Well, it seems that I am outvoted on the issue of anonymity, so I shall withdraw my objections to the practice, and henceforth allow comments on this blog regardless of tone or content.  But before I drop the subject completely, I would like to say a bit more about it by way of explanation.  I think we may have here a generational conflict of the sort that often happens.
For much of my life, I was a tenured professor, protected both with regard to my job and my salary regardless of what views I might express.  I was awarded tenure by Columbia University in 1964, and from then until I retired in 2008, I was tenured at one university or another.  I enjoyed great freedom to teach what and as I wished, and was rewarded with steadily rising salaries.   To be sure, there were occasions on which my political opinions cost me jobs.  The Presidents of Hunter College, Brandeis University, and Boston University vetoed job offers that at the time I very much wanted to accept, because of my politics, but I still had a secure job with tenure, so it was easy for me to say that the loss was theirs rather than mine.
But I have not always been a tenured professor, though it may seem that way.  In 1951, when I stood up and argued aggressively with a senior professor in a course on Hume's Treatise, I was a seventeen year old sophomore, aware that my pugnaciousness could affect my academic career.  Later that year, I wrote a letter to the college newspaper calling on the President of the university to resign because of his stated unwillingness to hire members of the Communist Party as professors.  As a very junior Instructor, I took unpopular political positions publically, earning me the enmity of powerful and important people in the Harvard community.  Shortly thereafter, as an untenured Assistant Professor at Chicago, I joined with more senior colleagues in an attack on the University President over his support for discriminatory rental policies in college owned housing.
On these and many other occasions, my principal concern was that I be heard, and that it be known that it was I who was giving voice to the opinions.  A suggestion to express those opinions anonymously would have struck me as incomprehensible.  Indeed, that would have defeated the purpose of the expression.
These days, the public expression of one's opinions is virtually free and easily available to all.  This blog exists courtesy of Google, which charges me nothing.  Even, where I post my essays, tutorials, and other materials, is free [although there is a deluxe version that costs something.]  FaceBook and Twitter are also free, I gather, though I do not use either [limit myself to 140 characters?  Please!]
And yet, the practice of anonymous public expression seems to have metastisized into a cultural norm.  Now, I have read enough Anthropology to be aware of the great variety in cultural norms, so I think I must put this entire disagreement down to yet another old man grumpily complaining about the strange behavior of young folks.
So be it.  Comment away!


Marinus said...

A very serious response to a trifling bit of internet nonsense. Our friend Arka is a troll, or behaviourally indistinct from one (the term comes from 'trolling', where you try to catch fish by dragging a line through an area you know some are present and try to entice one to bite). It's a behaviour which is nurtured by attention, so the appropriate response is to ignore it: as the slogan goes, Don't Feed the Troll.

Utopian Yuri said...

It's your blog. There's nothing wrong with banishing anonymous people, obnoxious people, or anonymous obnoxious people.

Rob said...

I like some of what High Arka said in her last post. I would agree that most of what she says tends to be ego-driven and relating more to herself than the idea at hand. The idea of anonymity in itself is that is valuable at times, for example in a totaliarian state. Equating such a place to this blog makes less sense to me. On the whole, if Marinus is right about the attention requirements of trolls then HA must be enjoying this opportunity to vent.
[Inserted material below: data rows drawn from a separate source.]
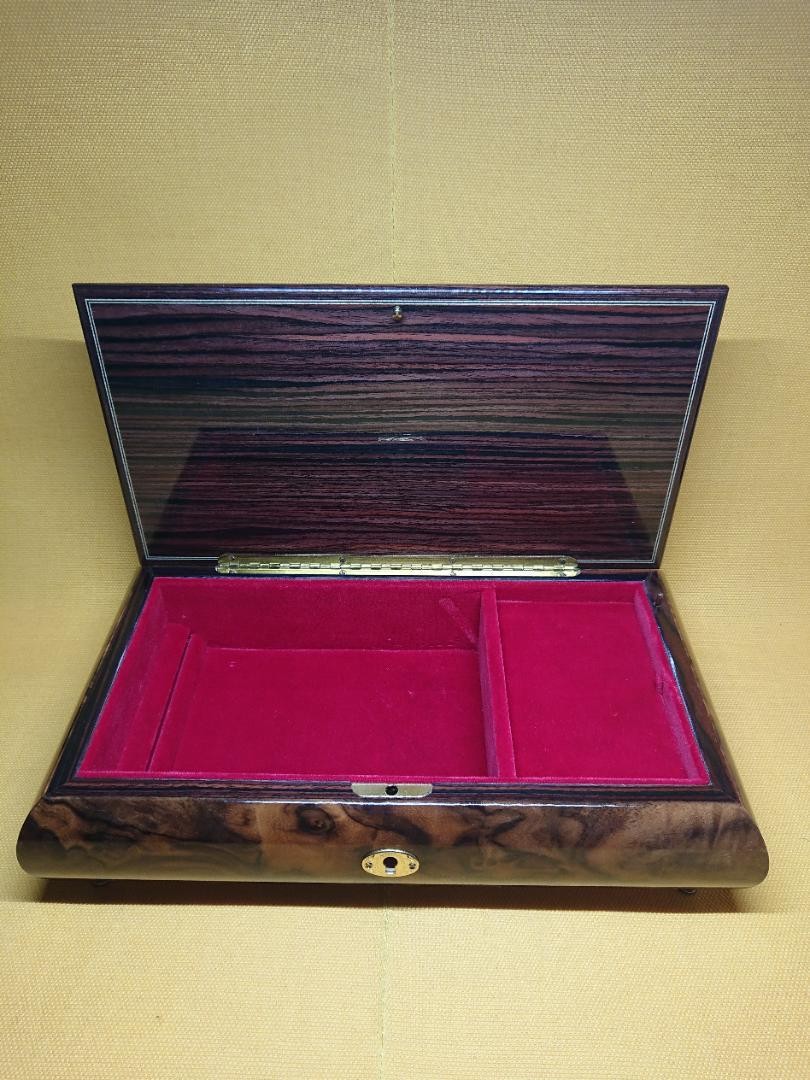 美品】REUGE ボックス 宝石箱 スイス 置物 工芸品 美術品 A3429 【公式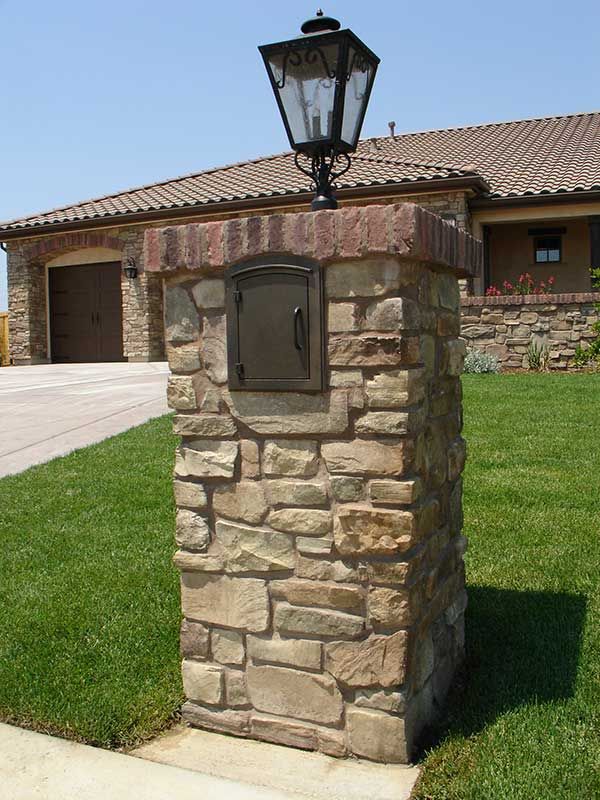 Manchester Non-Locking Column Mount Mailbox with Plain Door
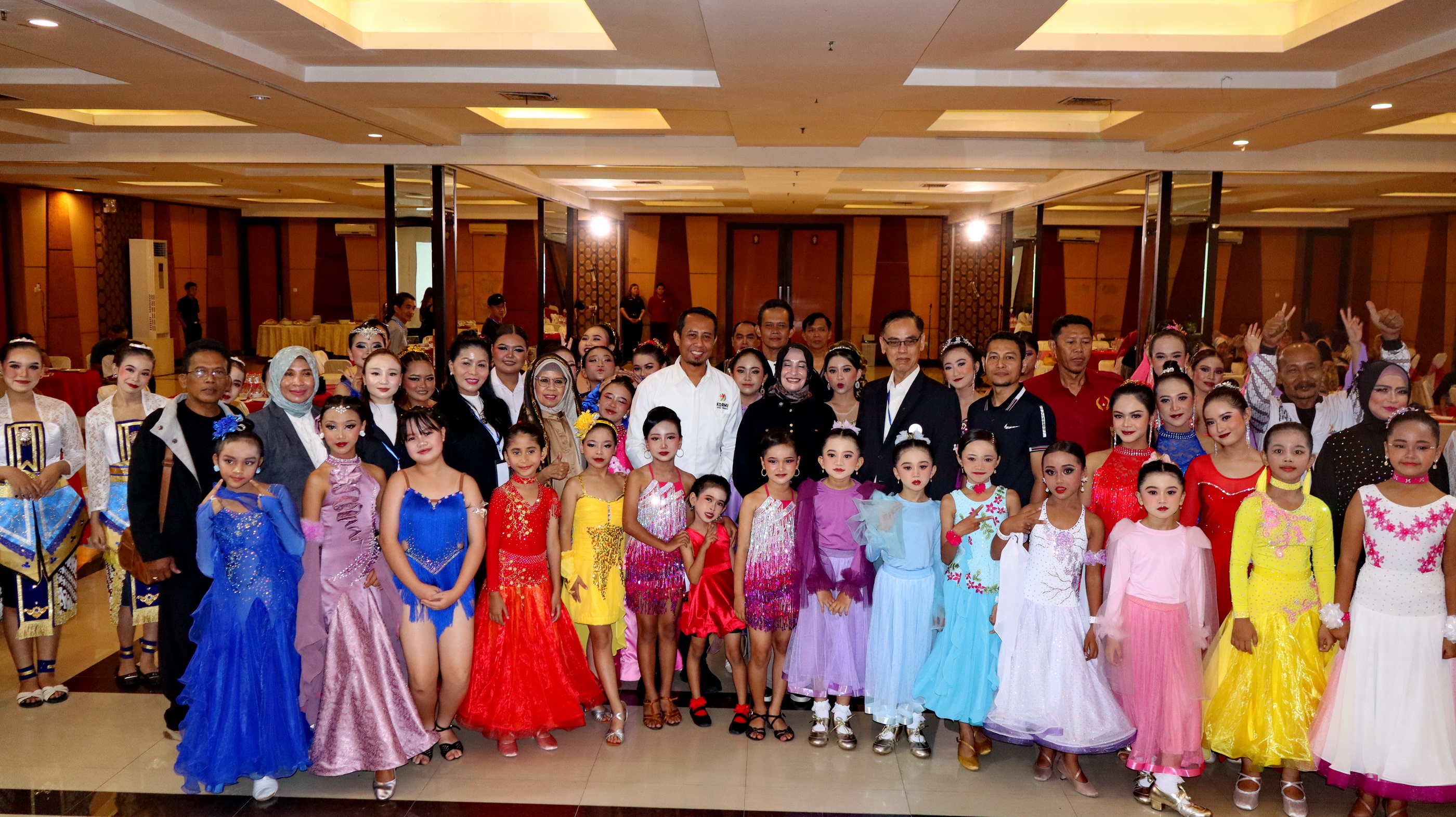 SEMANGAT - Wakil WaliKota Pekalongan Hj Balgis Diab berfoto Bersama dengan seluruh atlet yang bertanding, di Parkside Mandarin Pekalongan, Sabtu (15/11/2025).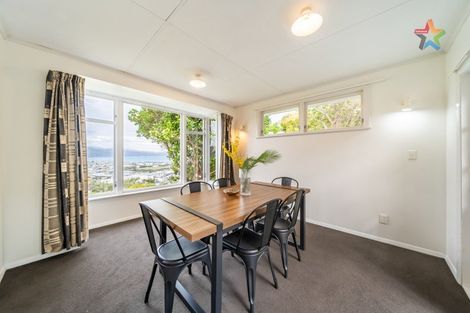 Photo of property in 20 Walnut Way, Maungaraki, Lower Hutt, 5010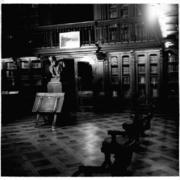 [Biblioteca Nacional. Sala de lectura de la Biblioteca Americana de Diego Barros Arana, se divisa estanterías y el busto de don Diego Barros Arana]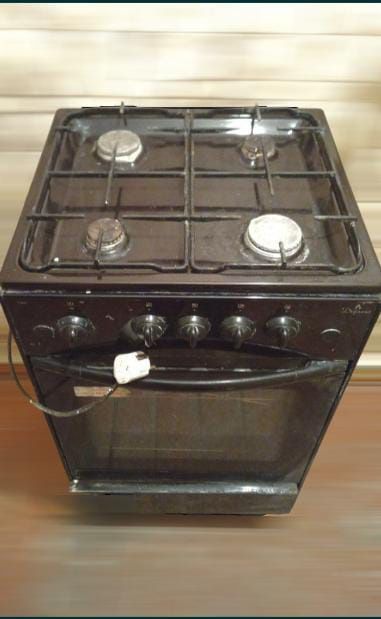 Плитa газовая. Забирать с Пришахтинска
On another topic, has anyone read Penguin Island by Anatole France. Maybe it is one of the great satires? I have an 82 year old philoropher uncle who I have just started a corespondence with and he has sent me the book along with Voltaire;s Candide - which was great.

Robert Paul Wolff said...

Penguin Island is indeed a delight. I read it, believe it or not, one evening as an undergraduate while babysitting -- a job I took to make money so that I could visit Susie at Connecticut College for Women [as it was then called]. I found it on the shelves in the house in which I was babysitting.

JR said...

Professor Bob --
What would your comfort level be regarding comments that were anonymous but always polite? Is it "anonymity" or "snarky anonymity" that you really object to? Just asking. I can't quite tell.
Rudeness, masked or unmasked, is grating, of course. And unmitigated politeness needs no mask. Yet many a literary plot is driven by an anonymous love letter and the motive behind anonmyity is not always treacherous. HA quite obviously is a tiresome twit, and on this site I find it hard to imagine a "need" for anonymity, but on other sites, in other circumstances --. Perhaps?

Don Schneier said...

Mill's defense of 'free speech' on Utilitarian grounds suggests that what he was trying to protect was expressions of opinion regarding public matters, not ad hominem venting. Similarly, a 'defense of anarchism' might apply to only rational agents. So, the upholding of critical standards need not be confused with the suppression of dissidence.

J.R. said...

Losing one's job due to taking a principled stand is one thing, having one's courses cut back, or one's contract not renewed because of a silly blog post dashed off in five minutes and archived for eternity by Google is another thing entirely.

The current situation in the humanities has created a vast academic precariat. We are justly a bit paranoid, and tend to like not having to diclose our full names. So, thank you.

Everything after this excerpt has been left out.